Individual aerosol particles are routinely ordered using external fields [7–12]. However, control of the macroscale optics of an aerosol ensemble has yet to be realized, generally due to the need for substantial coupling of an external field to a large number of particles (>billions) in low pressure environments to overcome the randomizing thermal forces of Brownian motion.

Plasmonic nanoparticles couple strongly to electromagnetic fields, providing a mechanism, material and opportunity to guide the response of an ensemble [13–18]. Active plasmonics have further enabled the spatial, spectral and temporal ordering of these material properties with external stimuli [19–21]. Recently, suspensions of gold nanorods were transitioned from the liquid to gas state and the isotropic optical response was characterized in situ, demonstrating a thermodynamically stable and optically homogeneous plasmonic aerosol [22]. Yet, to date, the dynamic anisotropic response of these materials in air when placed in external fields remains unknown.

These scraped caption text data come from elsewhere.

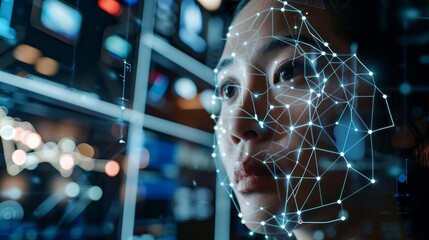 Futuristic High-Tech Security Analysis with AI Facial Mapping Overlay in Advanced Control Room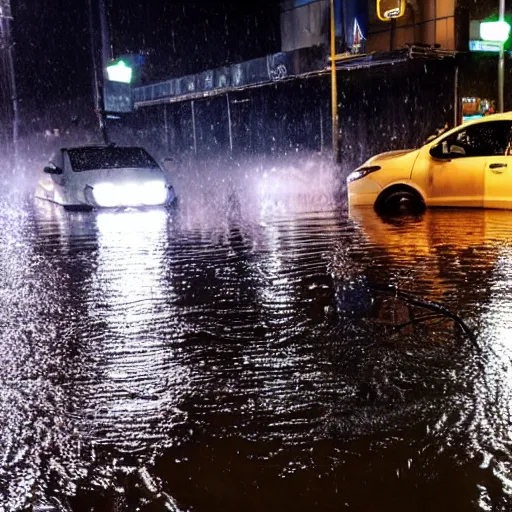 Image similar to seoul city is flooded by heavy rain. A car is middle of the street flooded.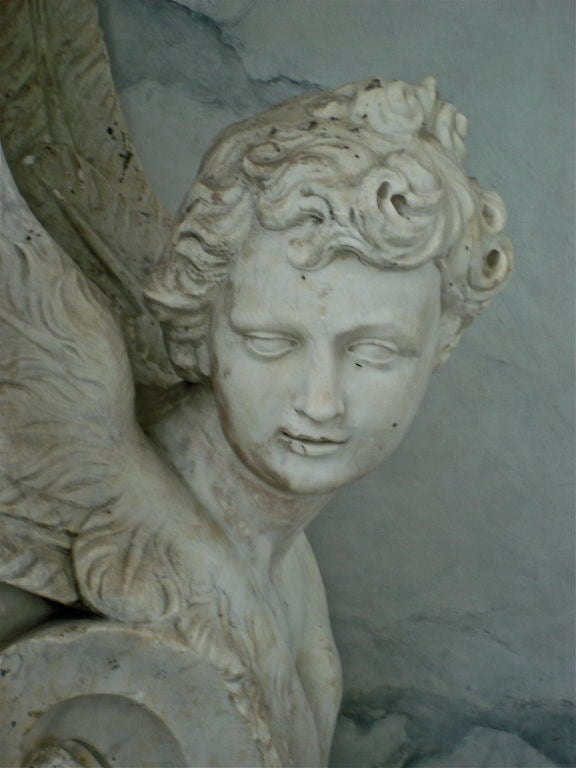 German Pair of Massive Period Baroque Marble Corbels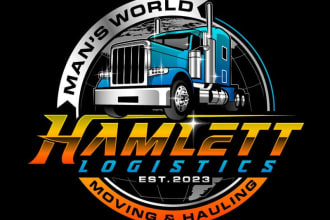 design transport logistic and trucking logo within 24 hours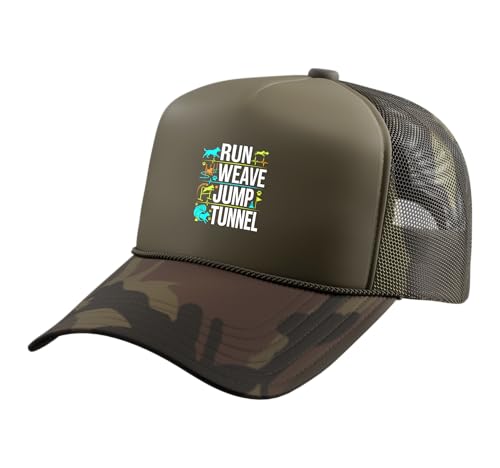 Run Weave Jump Tunnel Dog Agility Trucker Hat with Adjustable Mesh Back - color: Camo Green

In this paper, we propose and demonstrate an active aerosol by controlling ensembles of gold nanorods suspended in air by varying magnitude and frequency of an externally applied electric field (Fig. 1). We utilize active aerosols to establish the concept of component-less optics using three illustrative paradigms to traditional optics: (i) The isotropic response of the aerosol behaves as a stop-band filter, absorbing discrete wavelength bands. (ii) A light valve response is shown by directing the orientational order of the nanorods in air with electric fields, temporally opening or closing spectral bands and polarization states. (iii) The spatial distribution of the aerosolized nanorods was varied by electrophoretic force, providing a mechanism to tailor the gradient-index profile within the aerosol.

 

Fig. 1. An active aerosol modulates light by controlling the order of particles in a gas using external fields.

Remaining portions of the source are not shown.